The borough's plastics recycling program, one of the few in the state, has proved to be labor-intensive since it began in April. Wilpizeski said the job was ideal for people who wanted to work off their debts to society.
"Plastics recycling uses so much manpower it's almost unfeasible for the Public Works Department. We have a responsibility to the rest of the borough," Wilpizeski said.
It takes two workers 15 minutes to crush 350 bottles into one 50-pound bale of plastic.
Wilpizeski said he might use the free labor to collect recyclables and mow grass and pick up litter in parks.
"We have a lot of work lined up for when the offenders start coming down. We need all the warm bodies we can get," Wilpizeski said.
District Justice R. Dawson Muth said the community service was open to anybody who asked for it instead of having to pay a fine. He said most offenders would rather pay fines than work.
"A lot of people say they can't afford the fine, but they miraculously come up with the money instead of working it off. At least we can offer alternatives now," Muth said.
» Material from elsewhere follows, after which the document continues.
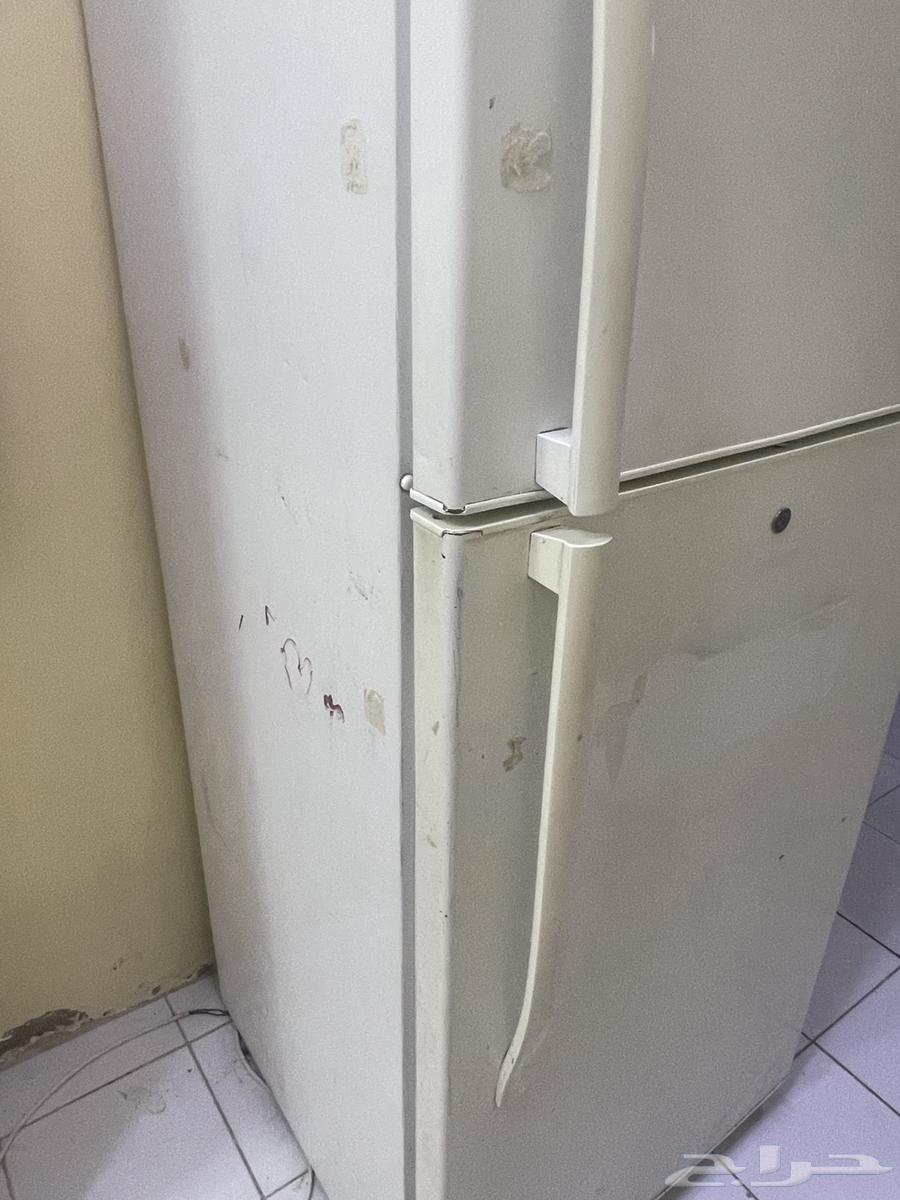 ثلاجه مستعمله خربان فيها الفريون64423864321283112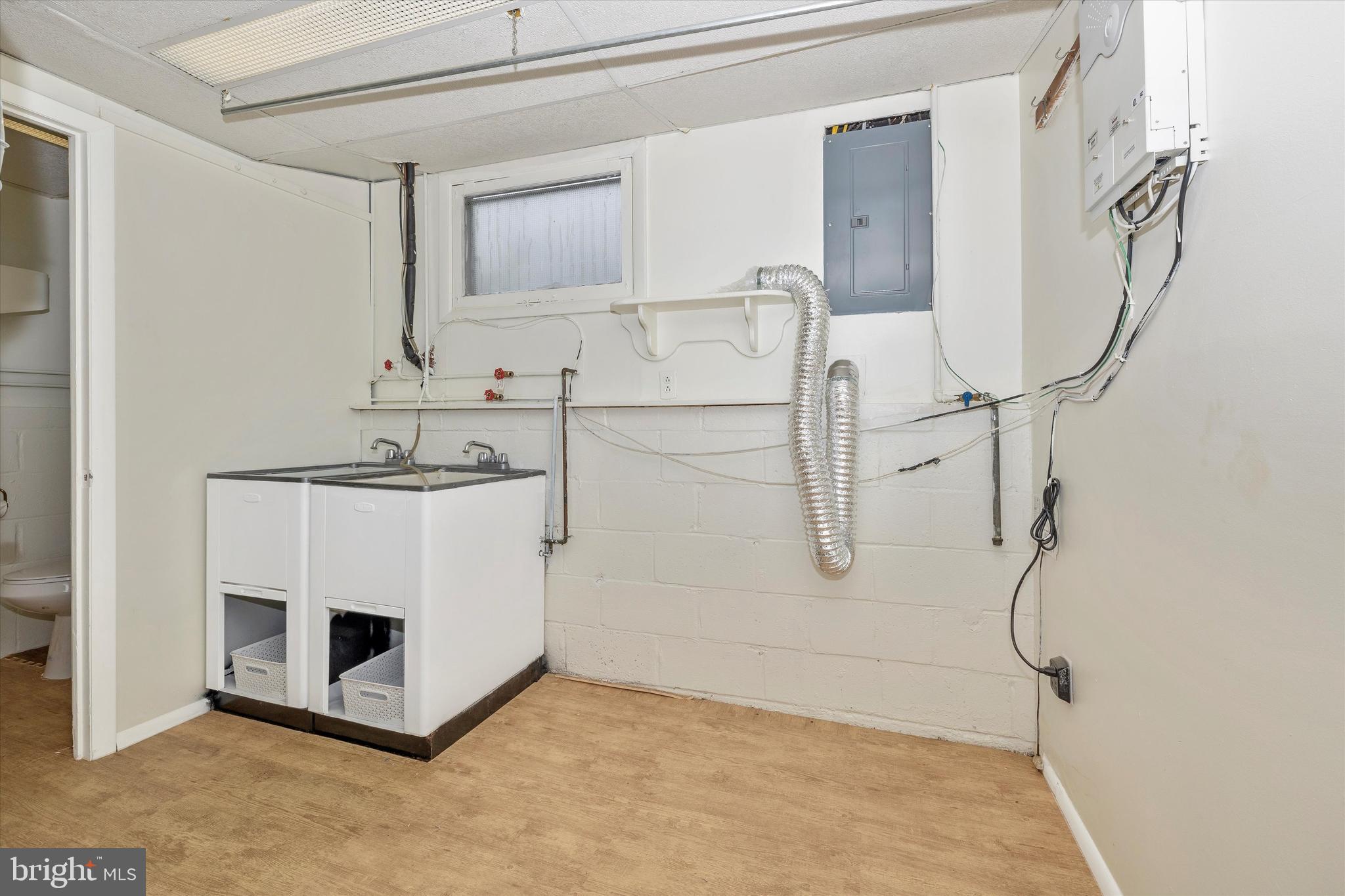 ORCHARD HILLS - Residential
Most summary offenders face $150 to $200 fines or 50 to 100 hours of work.
"I think it is an attractive option for college students and other people who don't have the money to pay a $200 fine. It's close, and it isn't really hard work," Muth said.
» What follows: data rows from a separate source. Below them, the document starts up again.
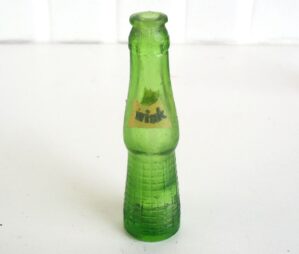 Garrafa Miniatura - Refrigerante Wink - Anos 70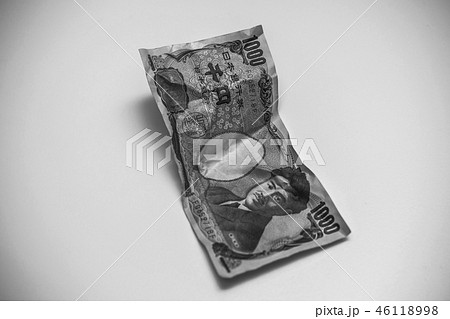 お金 46118998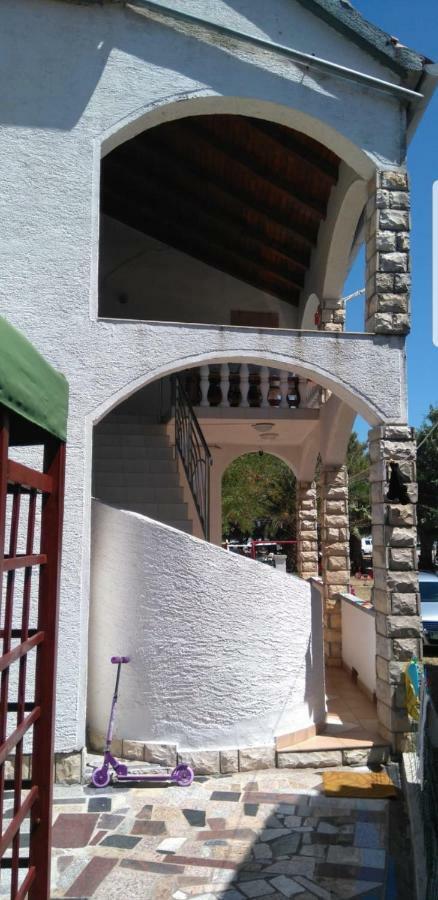 Apartments Martinovic By The Sea Kukljica Dış mekan fotoğraf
In other business, the Borough Council on Wednesday discussed using a county Community Development Block Grant for recreation projects instead of a parking project.
Recreation director Kathy Milliken presented possible projects, including the paving of the parking lot and new lighting at Green Field, and playground equipment, picnic tables and park benches for the area behind the new Borough Hall.
The council also discussed paying half the salary of a full-time maintenance worker for Everhardt Park. The Friends of Everhardt offered to pay half the salary, $2,250.